Elkow’s team, the Crystallettes, are based in Dearborn and are known for being one of the best synchronized teams in the United States.  The Crystallettes were one of just two teams from the United States to travel to Sweden for the World Championships, which was a major accomplishment.

The team consists of 20 girls from the metro Detroit area between the ages of 16 and 26.  According to Elkow, each member dedicates roughly 25-35 hours each week to skating.

“It can get pretty hard balancing schoolwork and skating,” said Elkow.  “But I’ve been doing this my whole life so I wouldn’t change a thing.”

Elkow has traveled all across America, Italy, Switzerland, and Sweden with her team, sweeping nearly every competition.  With so much success comes rituals.  From singing certain songs to having the same stretching partner at every competition, the Crystallettes are always focused.

“Some may say we are superstitious,” said Elkow.  “But for us we like to continue doing what’s worked in the past.”

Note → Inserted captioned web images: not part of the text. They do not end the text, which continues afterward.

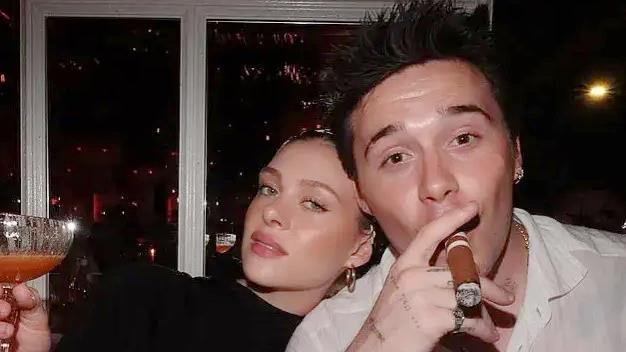 贝克汉姆|贝克汉姆儿媳庆生！穿透视装近乎赤身，与帅哥亲脸遭丈夫警告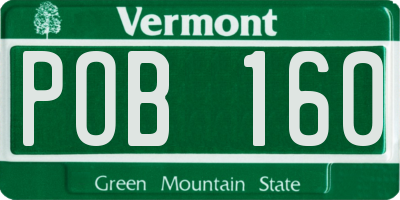 VT license plate POB160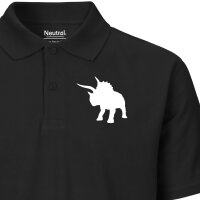 Herren Polo Shirt Triceratops Dinosaurier...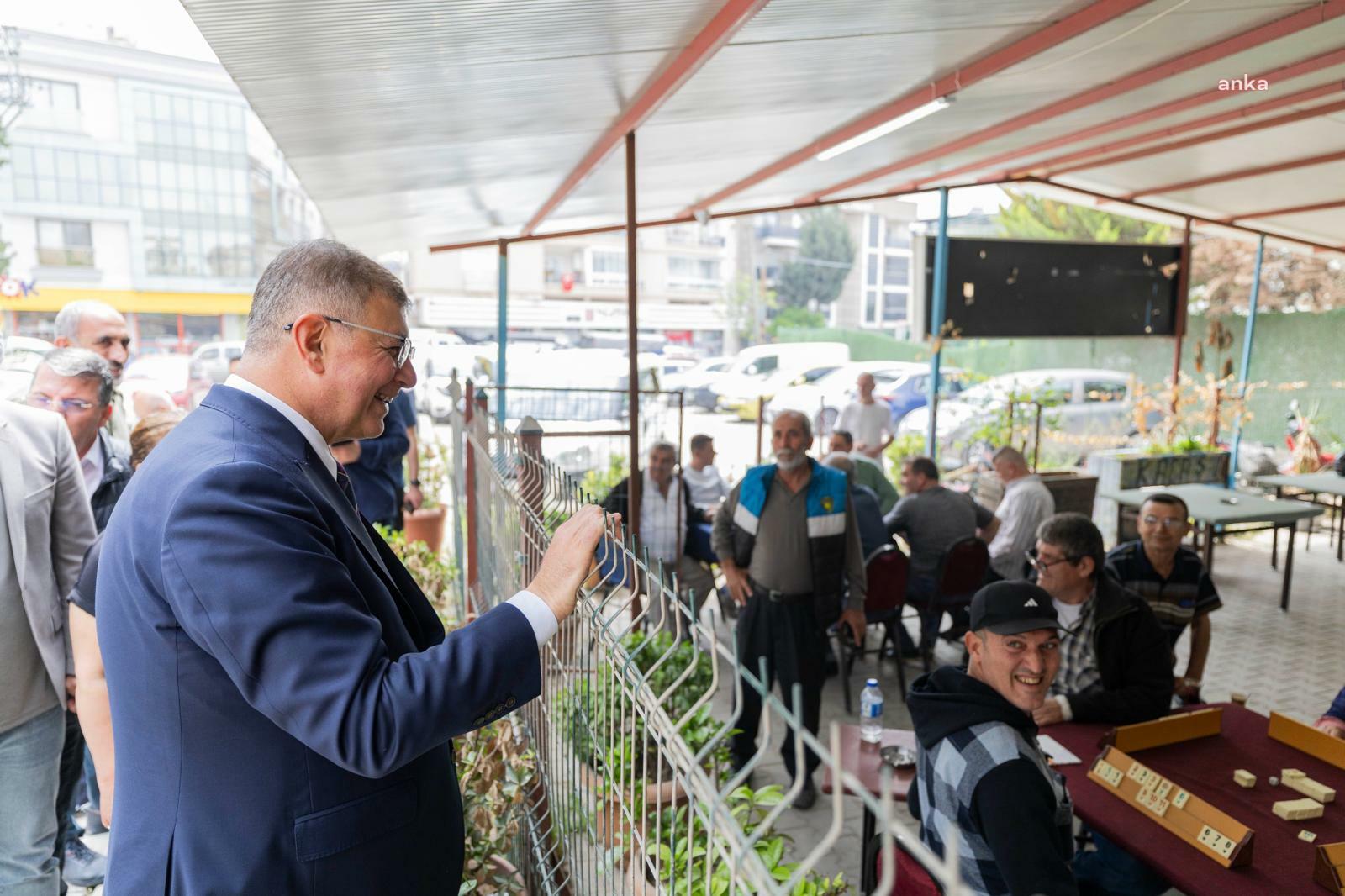 İzmir Büyükşehir Belediye Başkanı Tugay Buca’daki çalışmaları yerinde inceledi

Synchronized skating takes a lot of determination and endurance.  Not only do the skaters have to concentrate on their routine, they must engage the crowd and judges.  With so much to focus on, injuries run high.

“Last summer I split open my chin, broke my jaw, got a concussion, chipped my teeth, and got stitches in my chin from a bad fall,” said Elkow.

For nearly two months Elkow could not skate, which was the longest break she had in years.

In the winter Elkow skates for the Mercy Figure Skating team which practices every Friday before school and takes part in several competitions throughout the season.  She hopes to continue skating in college and improve every year.

“Skating has taught me so many lessons about life,” said Elkow. “I can’t imagine where I would be without it.”